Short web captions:
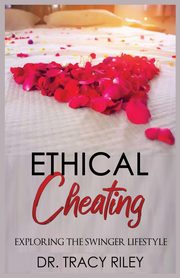 Ethical Cheating, Riley Tracy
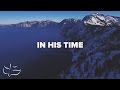 In His TIme | Lyric Video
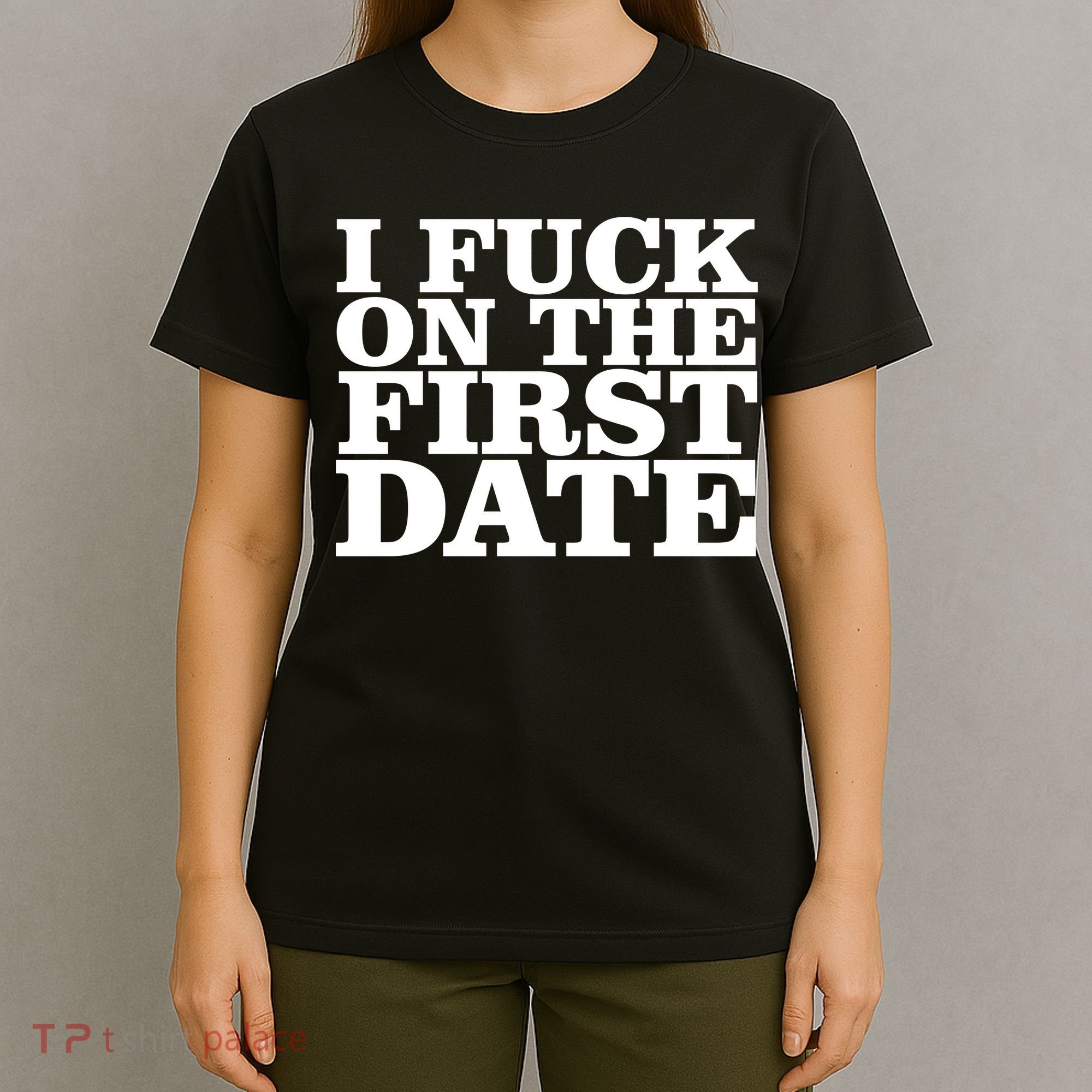 I Fuck On The First Date T-Shirt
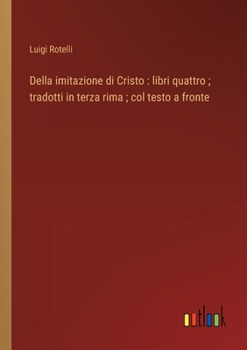 Della imitazione di Cristo: libri quattro; tradotti in terza rima; col testo a fronte (Italian Edition)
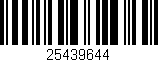 Código de barras (EAN, GTIN, SKU, ISBN): '25439644'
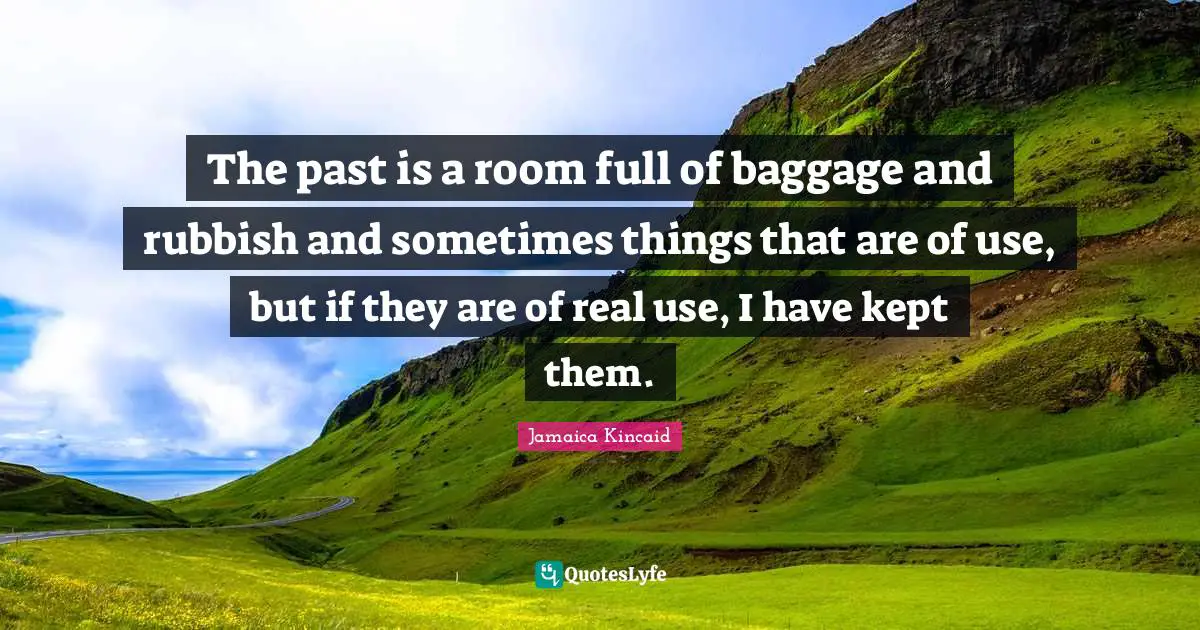 The past is a room full of baggage and rubbish and sometimes things that are of use, but if they are of real use, I have kept them.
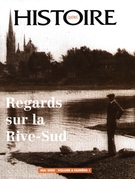 Couverture de Regards sur la Rive-Sud, Volume 6, numéro 1, mai 2000, p. 3-39, Histoire Québec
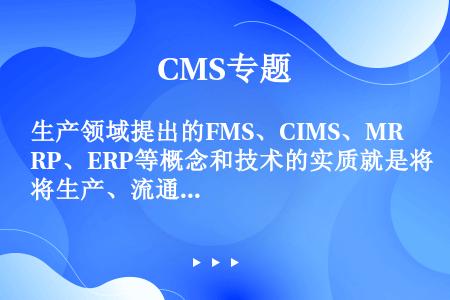 生产领域提出的FMS、CIMS、MRP、ERP等概念和技术的实质就是将生产、流通进行集成，根据需求端...
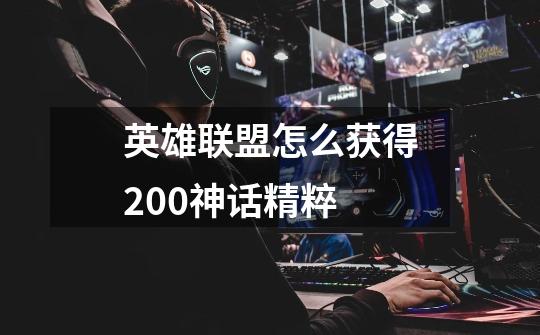 英雄联盟怎么获得200神话精粹-第1张-游戏信息-龙启网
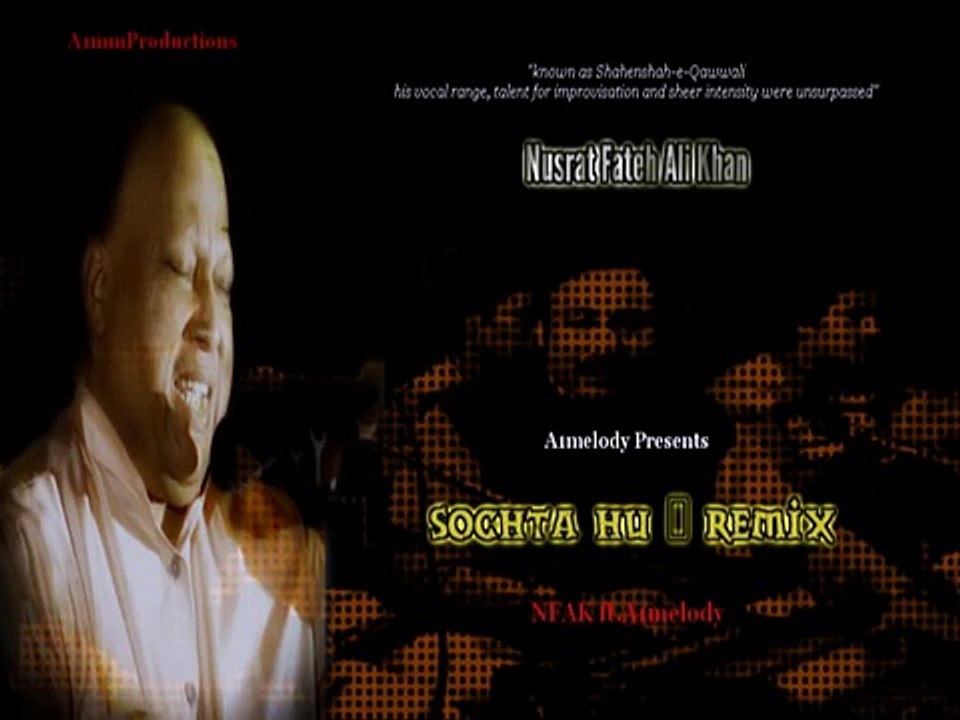 Nusrat Fateh Ali KhanSochta Hu- NFAK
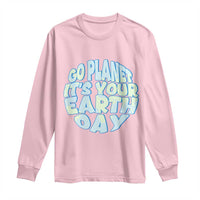Go Planet It Is Your Earth Day Long Sleeve Shirt Environmental Activism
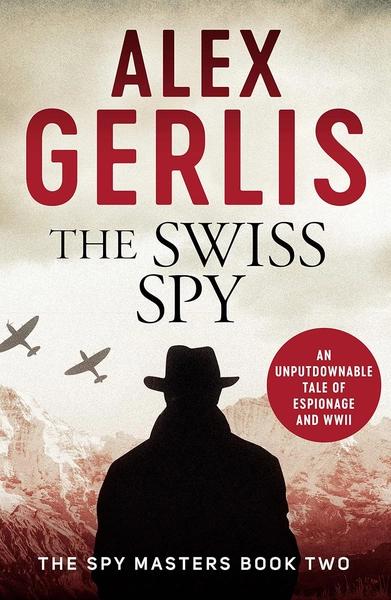 The Swiss Spy by Alex Gerlis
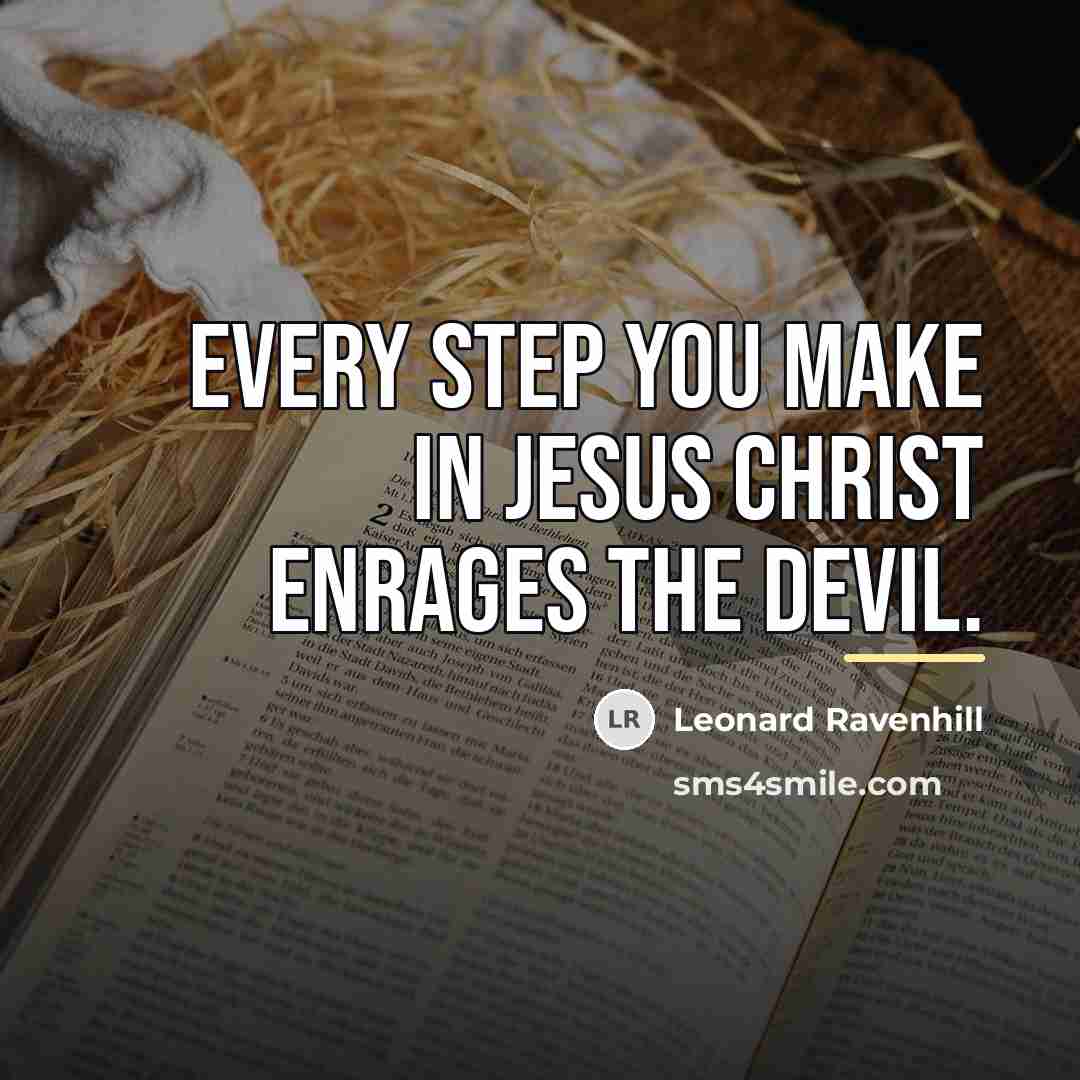 “Every step you make in Jesus Christ enrages the devil.…” quote by Leonard Ravenhill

Prompt:
Starting with the line above that holds "Código de barras", restate each line word for word up to and including the line that holds "The Swiss Spy by Alex Gerlis". Drop the pictures.

Task result:
 Código de barras (EAN, GTIN, SKU, ISBN): '25439644'
 The past is a room full of baggage and rubbish and sometimes things that are of use, but if they are of real use, I have kept them.
 Couverture de Regards sur la Rive-Sud, Volume 6, numéro 1, mai 2000, p. 3-39, Histoire Québec
 生产领域提出的FMS、CIMS、MRP、ERP等概念和技术的实质就是将生产、流通进行集成，根据需求端...
 英雄联盟怎么获得200神话精粹-第1张-游戏信息-龙启网
 Nusrat Fateh Ali KhanSochta Hu- NFAK
Go Planet It Is Your Earth Day Long Sleeve Shirt Environmental Activism
 The Swiss Spy by Alex Gerlis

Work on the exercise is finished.